# Frame your own photos...?



## Artograph (Aug 16, 2007)

Has anyone done this??  Do you have your own equipment?? 

I'm interested in purchasing some equipment (a little further down the road), but I'm trying to do a little research now.  Not only would Ilike to frame some of my own photos, but my mother is a water-colour artist and could use someone "reasonably priced" to do her framing as well!!!  LOL!  Who knows, if I get any good I could get a little business going down the road??? 

Sooooo..... 

How do I know what equipment I'll need??

How will I learn what I need to know, to do professional framing??  Any reputable courses out there??

Any idea on the cost???

(I'll be joining my local "camera club" in September....I hope to get more info then!!!

Thanks!!!!!!    

(Hmm...did I post this in the right place..?)


----------



## Big Mike (Aug 16, 2007)

Welcome to the forum.

I haven't done it, but I would like to give it a try some day.  I think the wood 'frame' part would be fairly easy if you are going to buy the pieces.  It's just a matter of cutting them to length and fastening them together.  (at least that's how I think it would be).

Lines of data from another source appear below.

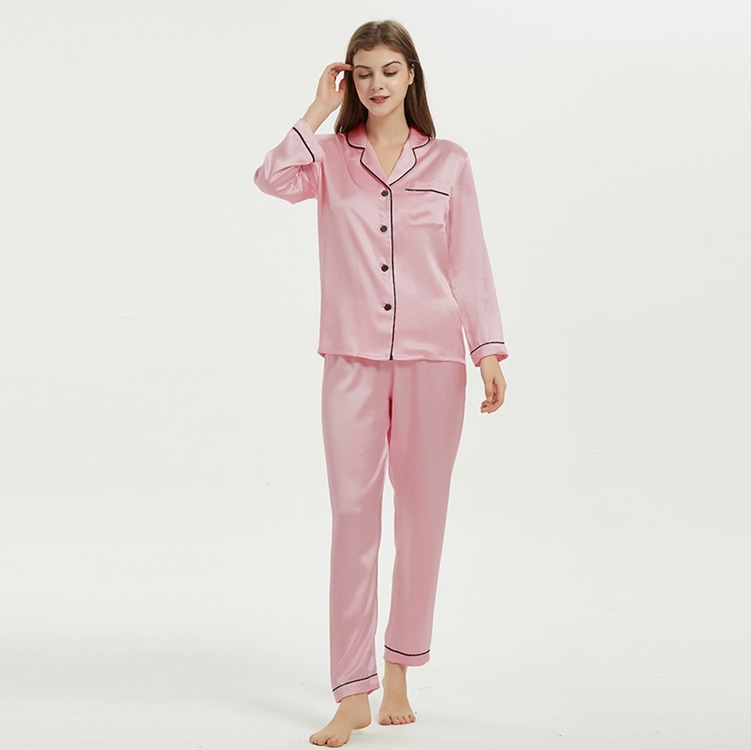 Women's 100% Mulberry Silk Charmeuse Long Sleeve Pants Pajama Set
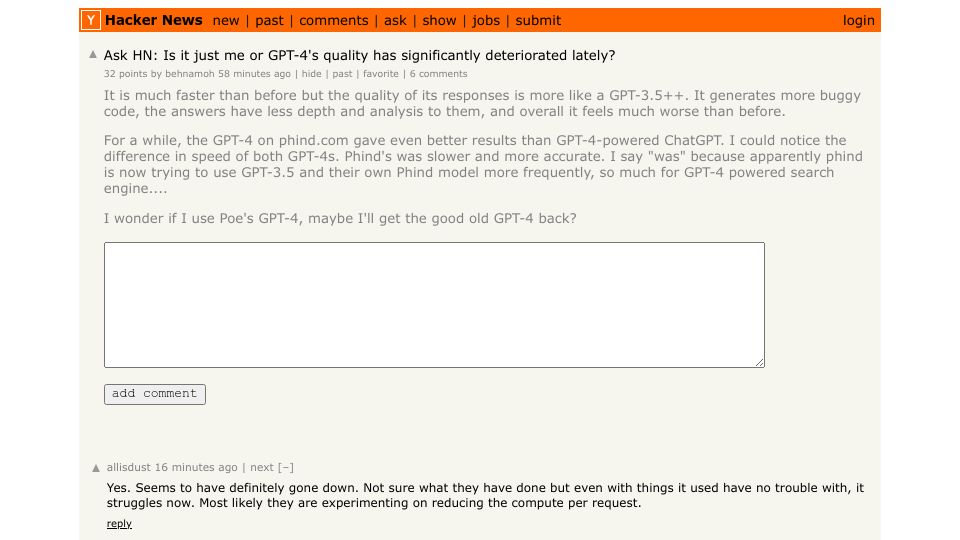 Screenshot of Hacker News post: Ask HN: Is it just me or GPT-4's quality has significantly deteriorated lately?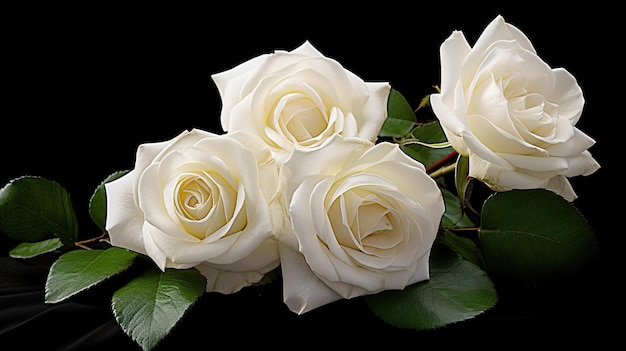 White roses with a black background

I've often heard that a harder part is cutting your own matte boards.  You can buy the matte board at a craft store, and you can can buy a spacial 'matte cutter' there as well.  I've heard that it's easy to mess it up and that it takes practice (and some wasted boards) before you get good at it.

Joining a camera club sounds like a good idea, you might also see if any craft stores are holding classes.  There should be some good info on the internet, but it's probably  much better to learn with a 'hands on' approach.


----------



## bellacat (Aug 16, 2007)

there is a market out there for custom frames and its something i know you can market to professional photographer who have clients in the market for custom frames. Best of luck to you.


----------



## Seefutlung (Aug 16, 2007)

I mat my photos and usually purchase ready made frames.  I have also purchased frames pieces and assembled my own frames.  I haven't frabricated frames.  People who have seen my final produce are very impressed with what I can do from home ... they are professional looking in every respect.

Gary


----------



## Seefutlung (Aug 16, 2007)

Man, this place won't let me edit my post ...  anyway

Pre-assembled frames for a 16"x20" run in the neighborhood of about $20-$30 each.  Mat board runs about $11 bucks for a 40"x32" sheet that will cover four 16"x20", a good Logan Mat board cutter is about $120.  Aaron Brothers quoted me something like $60 per frame. 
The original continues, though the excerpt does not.